Action item:
Below this line is the material. Write out only its lines from the one containing "MEKTRAX CYCLING logo" through the one containing "Chargeable Blackhead Removal Machine", both kept, exactly.

++++++++++

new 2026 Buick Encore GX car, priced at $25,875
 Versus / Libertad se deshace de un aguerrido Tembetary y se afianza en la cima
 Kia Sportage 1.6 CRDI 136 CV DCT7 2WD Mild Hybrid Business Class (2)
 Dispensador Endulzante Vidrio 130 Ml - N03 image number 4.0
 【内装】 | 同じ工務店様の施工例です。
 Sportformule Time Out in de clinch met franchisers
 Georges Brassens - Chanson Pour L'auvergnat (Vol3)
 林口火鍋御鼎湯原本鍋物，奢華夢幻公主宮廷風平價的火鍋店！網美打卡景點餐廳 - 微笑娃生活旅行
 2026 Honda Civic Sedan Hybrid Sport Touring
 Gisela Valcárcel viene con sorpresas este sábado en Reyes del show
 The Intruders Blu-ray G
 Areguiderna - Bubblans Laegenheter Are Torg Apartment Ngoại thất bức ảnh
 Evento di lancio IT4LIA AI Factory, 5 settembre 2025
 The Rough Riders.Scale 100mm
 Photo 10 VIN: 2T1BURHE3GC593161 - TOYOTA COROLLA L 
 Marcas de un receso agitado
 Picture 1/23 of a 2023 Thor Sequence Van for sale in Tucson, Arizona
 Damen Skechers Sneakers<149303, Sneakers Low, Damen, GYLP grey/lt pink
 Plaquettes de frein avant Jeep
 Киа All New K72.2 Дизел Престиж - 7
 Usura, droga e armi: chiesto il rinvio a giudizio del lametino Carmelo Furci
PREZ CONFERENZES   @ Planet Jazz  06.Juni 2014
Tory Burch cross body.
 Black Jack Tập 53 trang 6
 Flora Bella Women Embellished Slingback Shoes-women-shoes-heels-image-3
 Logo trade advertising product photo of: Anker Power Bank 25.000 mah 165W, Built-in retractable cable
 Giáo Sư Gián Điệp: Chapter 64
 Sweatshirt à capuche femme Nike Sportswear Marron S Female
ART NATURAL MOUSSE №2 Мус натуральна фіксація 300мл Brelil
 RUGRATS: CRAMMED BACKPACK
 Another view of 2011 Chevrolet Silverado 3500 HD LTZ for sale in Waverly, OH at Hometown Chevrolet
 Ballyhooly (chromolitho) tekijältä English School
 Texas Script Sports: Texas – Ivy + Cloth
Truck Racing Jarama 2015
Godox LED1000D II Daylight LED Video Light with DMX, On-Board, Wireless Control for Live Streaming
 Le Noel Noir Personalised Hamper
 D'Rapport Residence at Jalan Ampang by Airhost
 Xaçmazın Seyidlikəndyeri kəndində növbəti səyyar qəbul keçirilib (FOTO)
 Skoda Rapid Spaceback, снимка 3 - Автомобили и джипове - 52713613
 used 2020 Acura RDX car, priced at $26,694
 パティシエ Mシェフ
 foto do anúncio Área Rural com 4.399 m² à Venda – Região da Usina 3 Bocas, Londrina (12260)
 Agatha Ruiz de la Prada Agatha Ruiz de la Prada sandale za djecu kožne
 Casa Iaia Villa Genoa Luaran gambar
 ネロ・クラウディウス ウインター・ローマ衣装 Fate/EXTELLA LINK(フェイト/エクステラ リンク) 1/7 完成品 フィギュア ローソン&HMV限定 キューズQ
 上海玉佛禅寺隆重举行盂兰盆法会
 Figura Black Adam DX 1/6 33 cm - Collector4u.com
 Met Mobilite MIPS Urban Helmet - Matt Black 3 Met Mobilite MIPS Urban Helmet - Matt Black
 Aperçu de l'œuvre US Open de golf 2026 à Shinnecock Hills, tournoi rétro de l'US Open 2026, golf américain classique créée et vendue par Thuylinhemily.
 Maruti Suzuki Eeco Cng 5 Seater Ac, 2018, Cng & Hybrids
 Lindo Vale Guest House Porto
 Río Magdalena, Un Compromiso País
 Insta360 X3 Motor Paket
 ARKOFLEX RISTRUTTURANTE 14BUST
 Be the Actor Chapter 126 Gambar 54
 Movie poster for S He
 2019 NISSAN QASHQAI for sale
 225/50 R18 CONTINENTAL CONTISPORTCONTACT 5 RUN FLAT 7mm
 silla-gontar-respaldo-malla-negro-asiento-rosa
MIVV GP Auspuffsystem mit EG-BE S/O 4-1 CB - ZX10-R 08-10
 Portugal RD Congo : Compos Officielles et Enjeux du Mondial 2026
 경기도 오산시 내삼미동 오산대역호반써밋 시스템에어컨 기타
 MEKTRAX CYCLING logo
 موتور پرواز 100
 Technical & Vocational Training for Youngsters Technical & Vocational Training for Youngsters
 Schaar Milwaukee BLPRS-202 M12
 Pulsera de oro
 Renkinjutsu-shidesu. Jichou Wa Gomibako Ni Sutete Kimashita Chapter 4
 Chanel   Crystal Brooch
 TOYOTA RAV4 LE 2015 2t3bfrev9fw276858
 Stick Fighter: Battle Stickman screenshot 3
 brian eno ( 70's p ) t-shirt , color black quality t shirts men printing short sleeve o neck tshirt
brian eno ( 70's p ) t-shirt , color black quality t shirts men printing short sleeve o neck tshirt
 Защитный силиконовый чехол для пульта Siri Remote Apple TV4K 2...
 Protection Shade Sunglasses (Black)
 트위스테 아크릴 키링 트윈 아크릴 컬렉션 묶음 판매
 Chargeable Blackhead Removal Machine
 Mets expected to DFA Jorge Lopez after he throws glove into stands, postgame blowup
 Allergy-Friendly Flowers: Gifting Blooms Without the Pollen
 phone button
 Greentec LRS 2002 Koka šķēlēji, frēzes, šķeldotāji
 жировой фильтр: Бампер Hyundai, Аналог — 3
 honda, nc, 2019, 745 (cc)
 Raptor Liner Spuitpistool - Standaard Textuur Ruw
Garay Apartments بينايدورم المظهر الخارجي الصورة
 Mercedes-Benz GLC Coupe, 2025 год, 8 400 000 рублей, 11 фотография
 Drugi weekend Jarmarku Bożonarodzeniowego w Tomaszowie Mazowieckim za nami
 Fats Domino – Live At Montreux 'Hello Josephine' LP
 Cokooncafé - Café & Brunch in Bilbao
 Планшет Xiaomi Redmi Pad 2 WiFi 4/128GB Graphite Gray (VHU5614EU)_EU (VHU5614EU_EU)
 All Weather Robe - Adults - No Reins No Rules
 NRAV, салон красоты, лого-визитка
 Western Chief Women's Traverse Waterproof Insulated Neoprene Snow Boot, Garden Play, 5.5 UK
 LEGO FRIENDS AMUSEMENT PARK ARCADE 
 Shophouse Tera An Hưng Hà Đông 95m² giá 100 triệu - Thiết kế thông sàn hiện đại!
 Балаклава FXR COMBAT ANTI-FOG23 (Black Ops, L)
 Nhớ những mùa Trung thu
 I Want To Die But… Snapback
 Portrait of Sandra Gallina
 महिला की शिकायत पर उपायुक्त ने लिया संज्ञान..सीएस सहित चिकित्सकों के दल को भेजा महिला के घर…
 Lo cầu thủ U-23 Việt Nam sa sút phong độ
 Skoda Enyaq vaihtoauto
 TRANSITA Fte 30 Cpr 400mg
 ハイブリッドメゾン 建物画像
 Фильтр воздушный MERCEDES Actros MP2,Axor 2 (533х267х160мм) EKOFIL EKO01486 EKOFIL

++++++++++

Answer section:
 MEKTRAX CYCLING logo
 موتور پرواز 100
 Technical & Vocational Training for Youngsters Technical & Vocational Training for Youngsters
 Schaar Milwaukee BLPRS-202 M12
 Pulsera de oro
 Renkinjutsu-shidesu. Jichou Wa Gomibako Ni Sutete Kimashita Chapter 4
 Chanel   Crystal Brooch
 TOYOTA RAV4 LE 2015 2t3bfrev9fw276858
 Stick Fighter: Battle Stickman screenshot 3
 brian eno ( 70's p ) t-shirt , color black quality t shirts men printing short sleeve o neck tshirt
brian eno ( 70's p ) t-shirt , color black quality t shirts men printing short sleeve o neck tshirt
 Защитный силиконовый чехол для пульта Siri Remote Apple TV4K 2...
 Protection Shade Sunglasses (Black)
 트위스테 아크릴 키링 트윈 아크릴 컬렉션 묶음 판매
 Chargeable Blackhead Removal Machine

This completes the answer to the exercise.